The federal government proposed to devote $400 million to help increase private sector investments in early-stage risk capital, and to support the creation of large-scale venture capital funds led by the private sector. It also promised $100 million for the Business Development Bank of Canada to support its venture capital activities.

The budget says the $400 million allocation “will increase the amount of funding available for growth-oriented innovative firms while focusing resources on those that are likeliest to become global leaders.”

The budget doesn’t spell out exactly how the funds will be dispensed, instead, indicating that, “In the coming months, the government will consider how to structure its support in order to incent private sector investments and management of seed and large-scale venture capital funds.”

On Friday, Canada’s Venture Capital and Private Equity Association congratulated the federal government for these measures. “In particular, we were pleased to see that the federal government has taken decisive action to address the acute shortage of venture capital by committing $500 million to the industry,” says Gregory Smith, president of the CVCA and managing partner of Brookfield Financial.

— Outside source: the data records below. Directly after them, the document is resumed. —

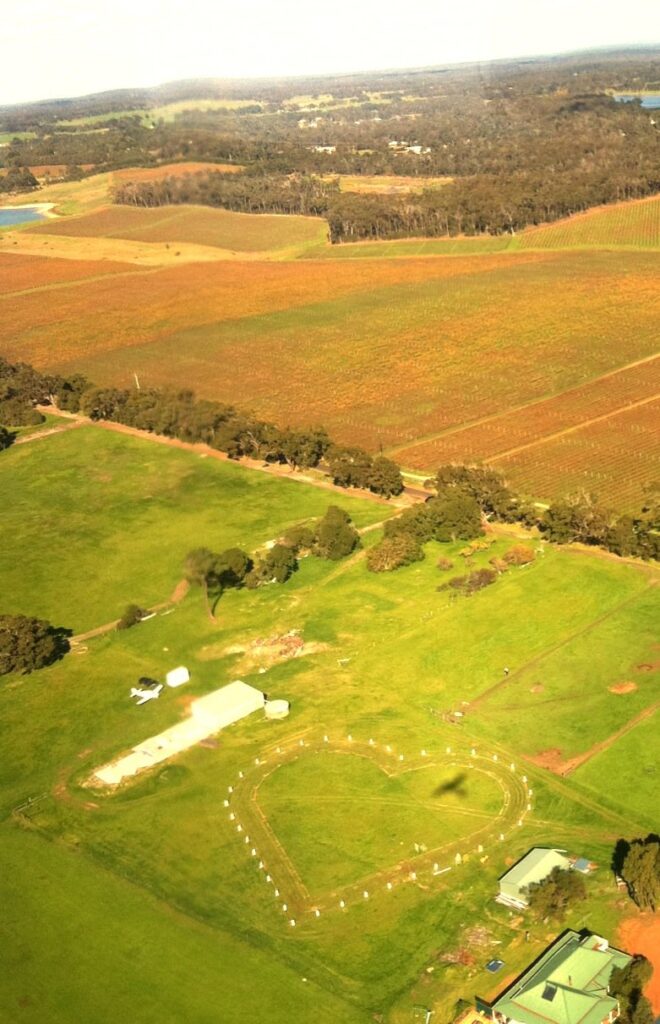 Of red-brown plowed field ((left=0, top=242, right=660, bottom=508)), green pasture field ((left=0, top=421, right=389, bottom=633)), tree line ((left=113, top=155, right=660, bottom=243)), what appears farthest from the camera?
tree line ((left=113, top=155, right=660, bottom=243))

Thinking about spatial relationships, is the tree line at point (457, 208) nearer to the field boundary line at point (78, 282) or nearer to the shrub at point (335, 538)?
the field boundary line at point (78, 282)

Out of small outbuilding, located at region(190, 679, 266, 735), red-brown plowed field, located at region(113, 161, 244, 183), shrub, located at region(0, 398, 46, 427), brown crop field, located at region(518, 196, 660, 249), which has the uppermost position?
red-brown plowed field, located at region(113, 161, 244, 183)

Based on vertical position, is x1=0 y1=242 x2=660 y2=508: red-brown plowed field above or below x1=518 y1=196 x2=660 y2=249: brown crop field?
below

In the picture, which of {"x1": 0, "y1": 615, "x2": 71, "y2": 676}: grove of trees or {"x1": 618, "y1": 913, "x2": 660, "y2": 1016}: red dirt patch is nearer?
{"x1": 618, "y1": 913, "x2": 660, "y2": 1016}: red dirt patch

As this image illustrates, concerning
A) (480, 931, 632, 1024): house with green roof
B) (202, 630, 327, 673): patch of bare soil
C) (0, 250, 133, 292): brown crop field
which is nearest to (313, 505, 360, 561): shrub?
(202, 630, 327, 673): patch of bare soil

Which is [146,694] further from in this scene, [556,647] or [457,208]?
[457,208]

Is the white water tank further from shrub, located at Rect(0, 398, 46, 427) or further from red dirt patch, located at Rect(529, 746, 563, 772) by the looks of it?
shrub, located at Rect(0, 398, 46, 427)

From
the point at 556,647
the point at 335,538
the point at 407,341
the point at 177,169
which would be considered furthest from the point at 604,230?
the point at 556,647

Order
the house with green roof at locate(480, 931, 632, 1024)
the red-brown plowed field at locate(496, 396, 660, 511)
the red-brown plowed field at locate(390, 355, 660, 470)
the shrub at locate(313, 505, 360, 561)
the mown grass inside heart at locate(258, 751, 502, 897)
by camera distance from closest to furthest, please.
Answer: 1. the house with green roof at locate(480, 931, 632, 1024)
2. the mown grass inside heart at locate(258, 751, 502, 897)
3. the shrub at locate(313, 505, 360, 561)
4. the red-brown plowed field at locate(496, 396, 660, 511)
5. the red-brown plowed field at locate(390, 355, 660, 470)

“We look forward to working with the federal government in determining how best to structure its support in the months ahead,” added Smith.

The CVCA also noted that there are other aspects of the budget that will help grow the tech sectors of the economy, and that it proposed changes to the Scientific Research and Experimental Development tax incentive program, which provided more than $3.6 billion in tax assistance to R&D in 2011.

The budget proposed a number of measures designed to streamline and improve the SR&ED tax incentive program, which, it says, are intended to simplify the program, and better align the tax credits received with actual business expenditures on R&D projects. They would also reduce the general tax credit rate from 20% to 15% in 2014 in recognition of recent reductions in overall corporate tax rates which had made the tax credit relatively more generous.

Implementing changes to the administration of the program will cost $4 million in 2012–2013, and $2 million in 2013–2014. The budget says the savings generated by those actions will be invested in “direct support programs that will reinforce business innovation in Canada.”

“We are pleased that the federal government has opted to keep the structure of the SR & ED program largely intact. We do support making the program more effective and will be examining the proposed modifications closely,” said the CVCA’s Smith.